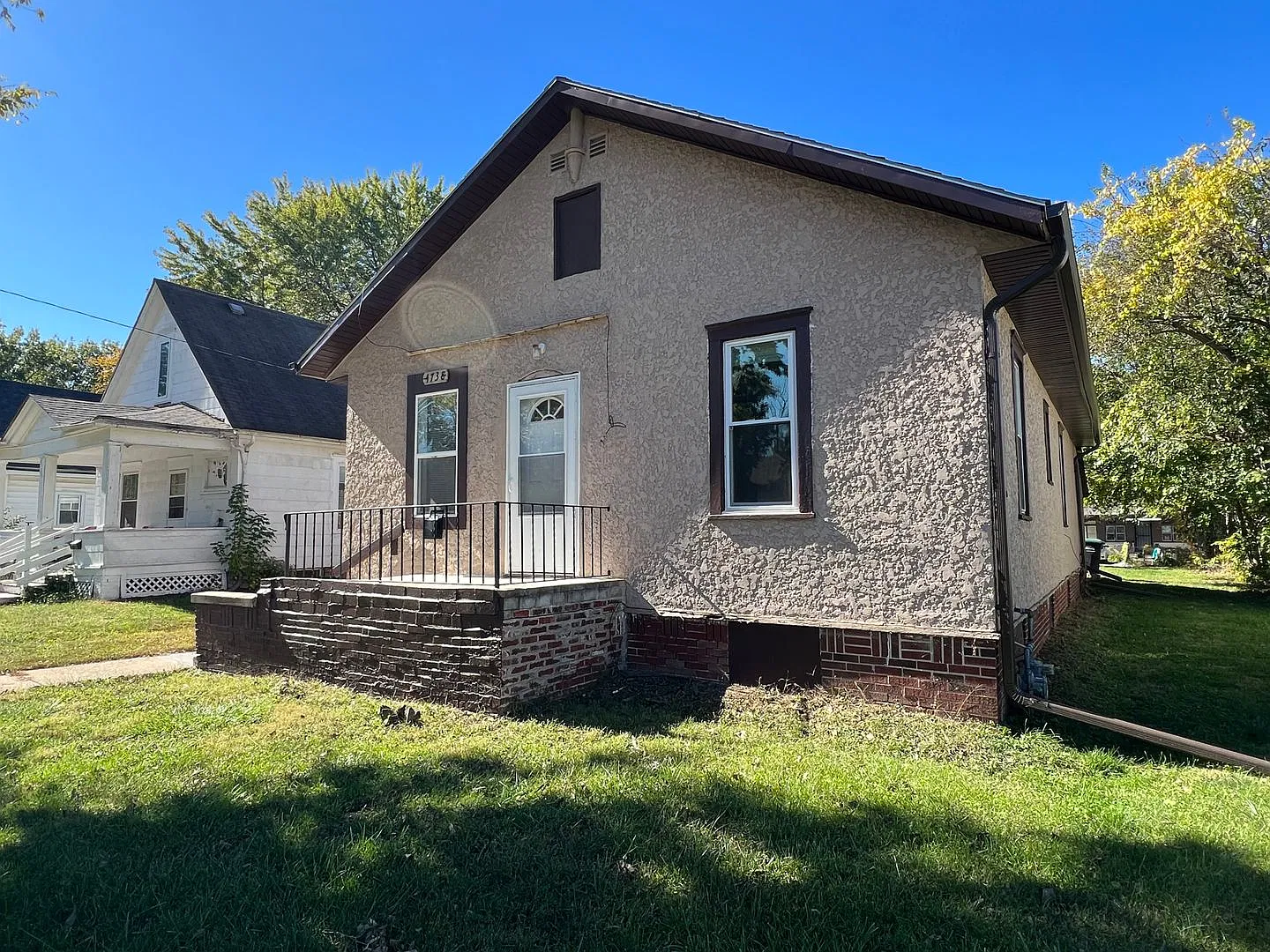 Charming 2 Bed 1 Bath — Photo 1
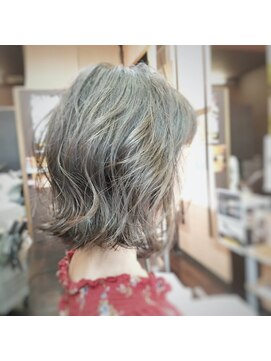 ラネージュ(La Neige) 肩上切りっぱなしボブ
* * *
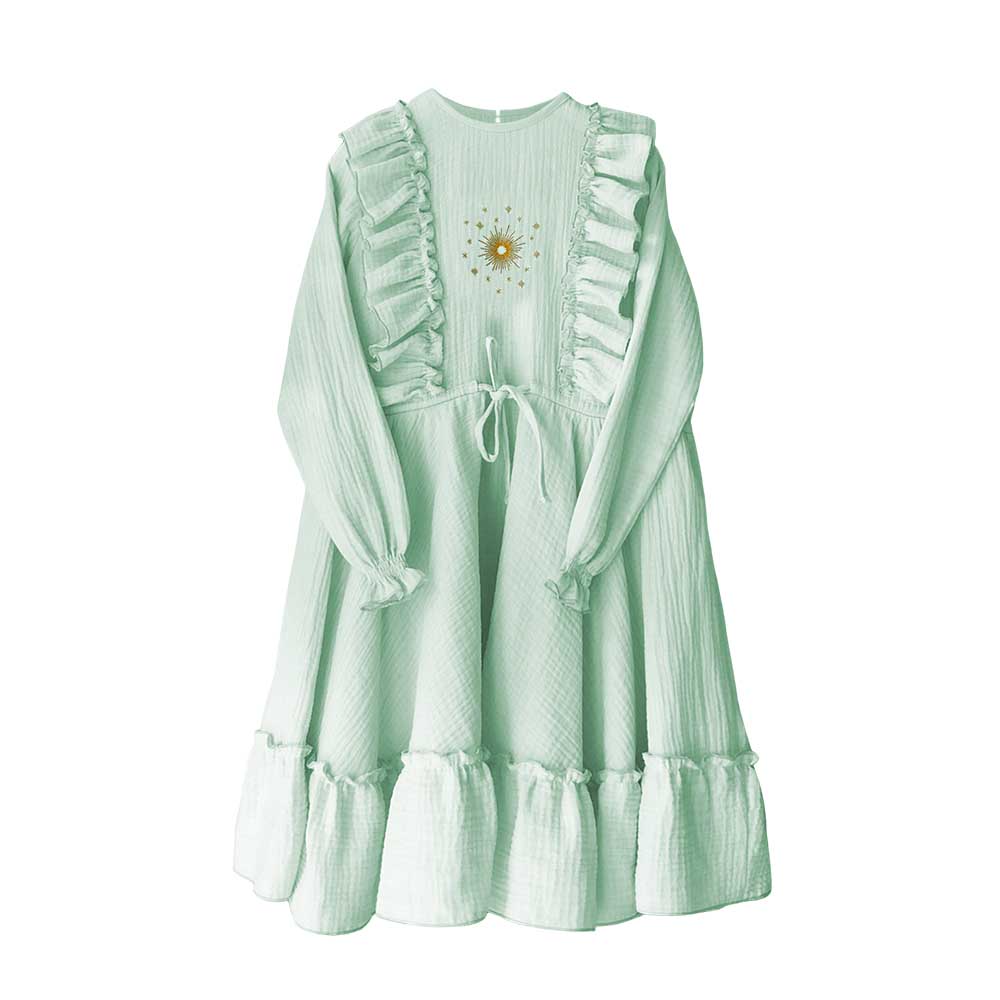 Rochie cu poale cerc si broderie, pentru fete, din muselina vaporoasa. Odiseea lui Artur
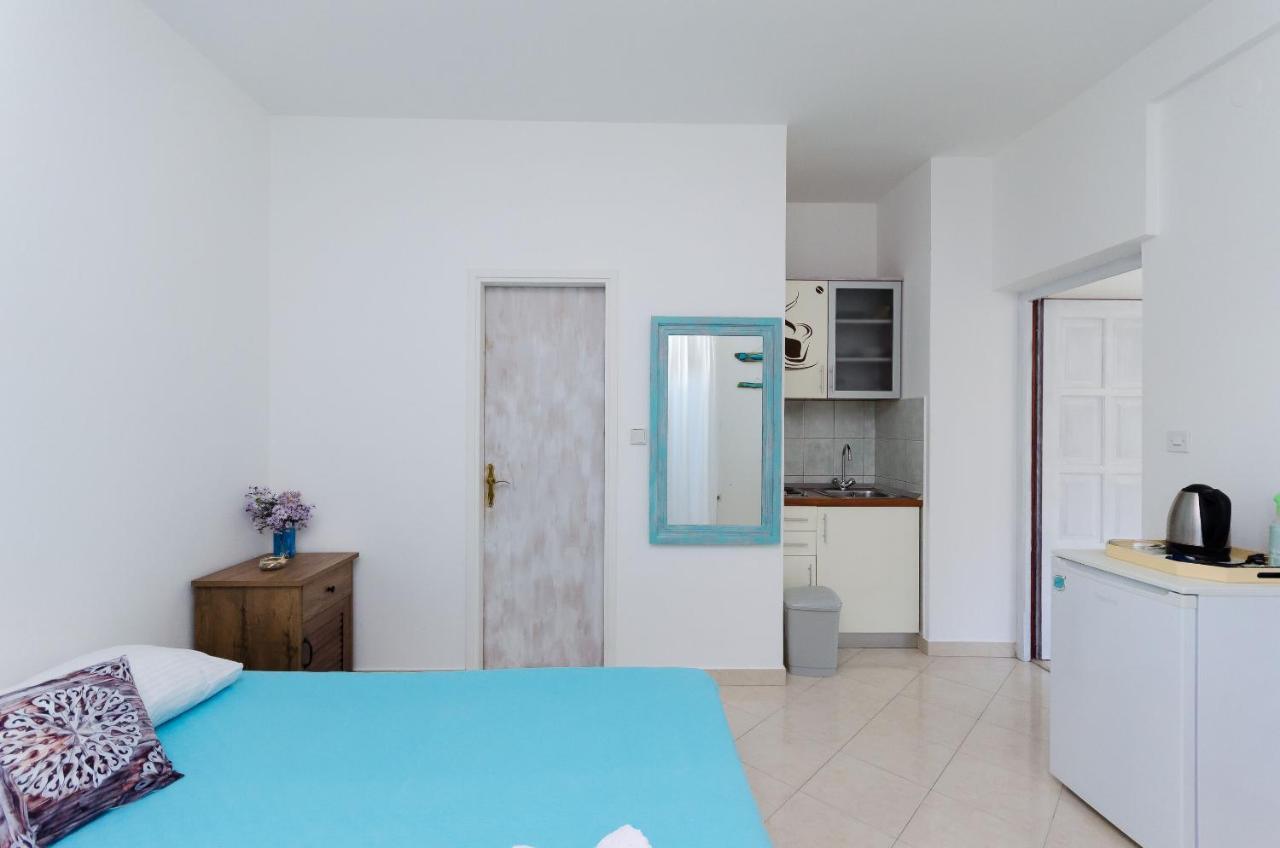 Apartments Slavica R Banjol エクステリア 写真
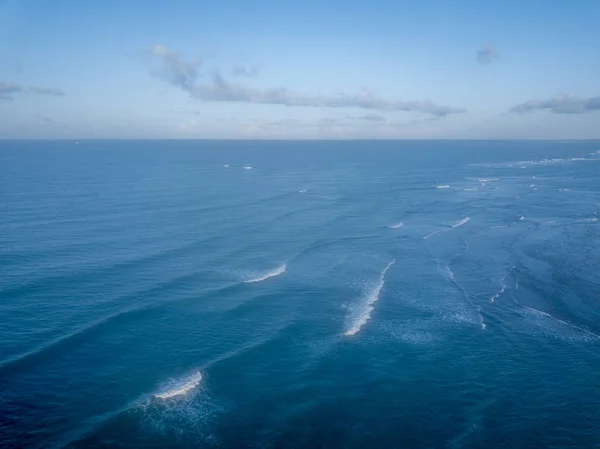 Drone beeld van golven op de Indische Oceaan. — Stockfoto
...
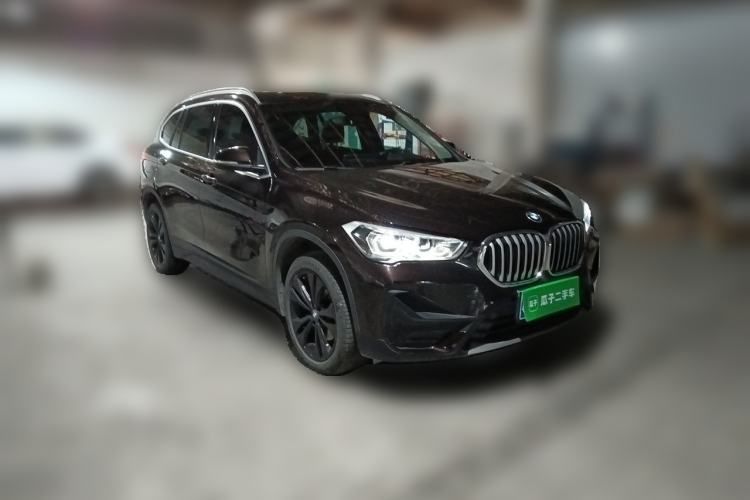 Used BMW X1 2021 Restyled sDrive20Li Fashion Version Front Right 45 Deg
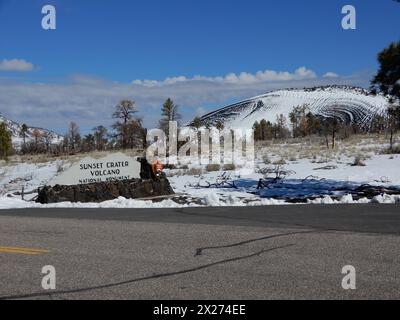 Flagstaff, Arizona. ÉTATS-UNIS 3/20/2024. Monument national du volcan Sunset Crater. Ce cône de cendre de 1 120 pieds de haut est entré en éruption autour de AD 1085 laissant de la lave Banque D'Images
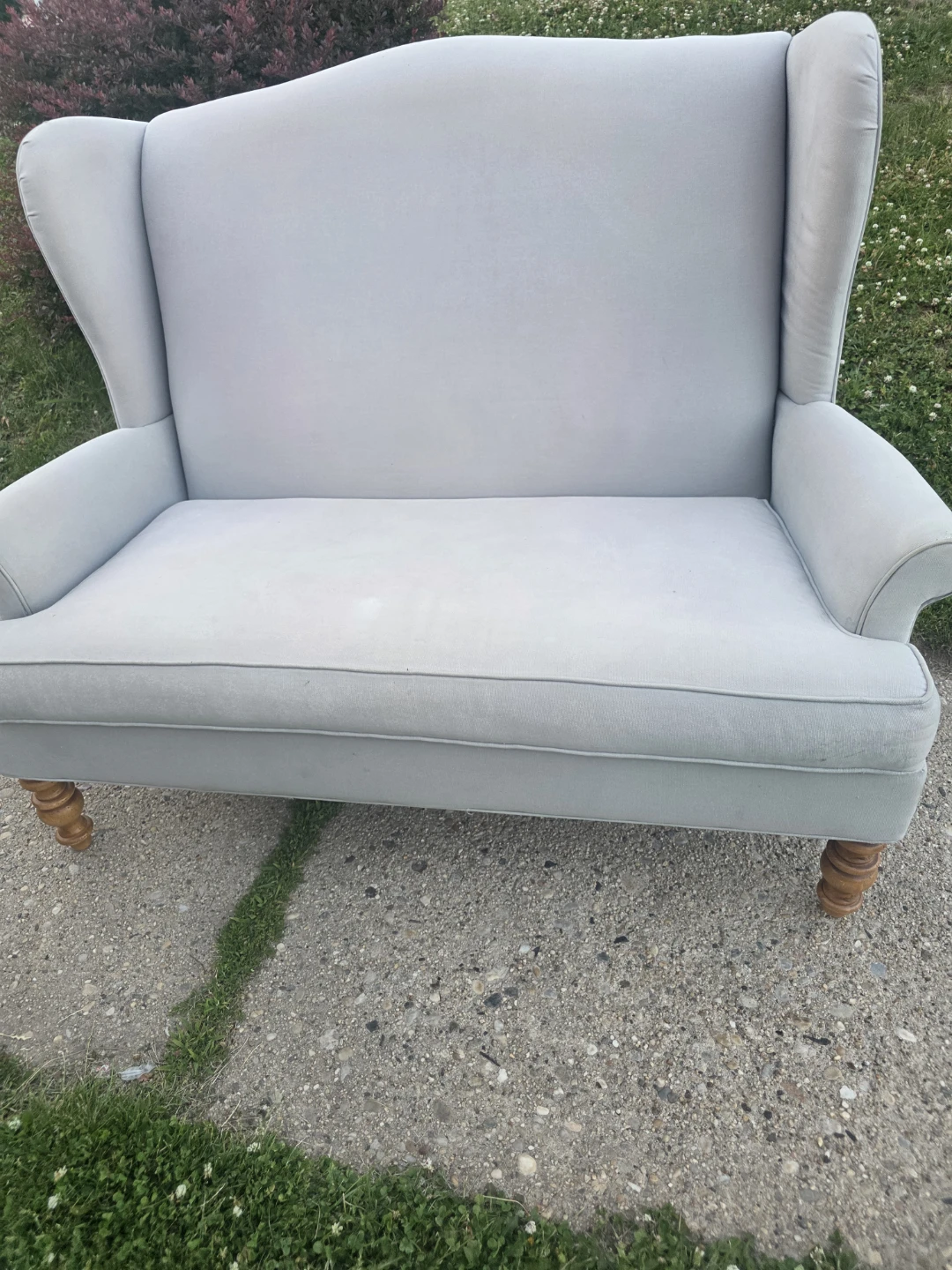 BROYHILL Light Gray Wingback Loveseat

- Work item:
Exactly the lines starting at the one above with "Charming 2 Bed 1 Bath — Photo 1" and ending at the one with "ラネージュ(La Neige) 肩上切りっぱなしボブ" should be printed, and nothing else. Omit the pictures.

- Answer for this exercise:
 Charming 2 Bed 1 Bath — Photo 1
 ラネージュ(La Neige) 肩上切りっぱなしボブ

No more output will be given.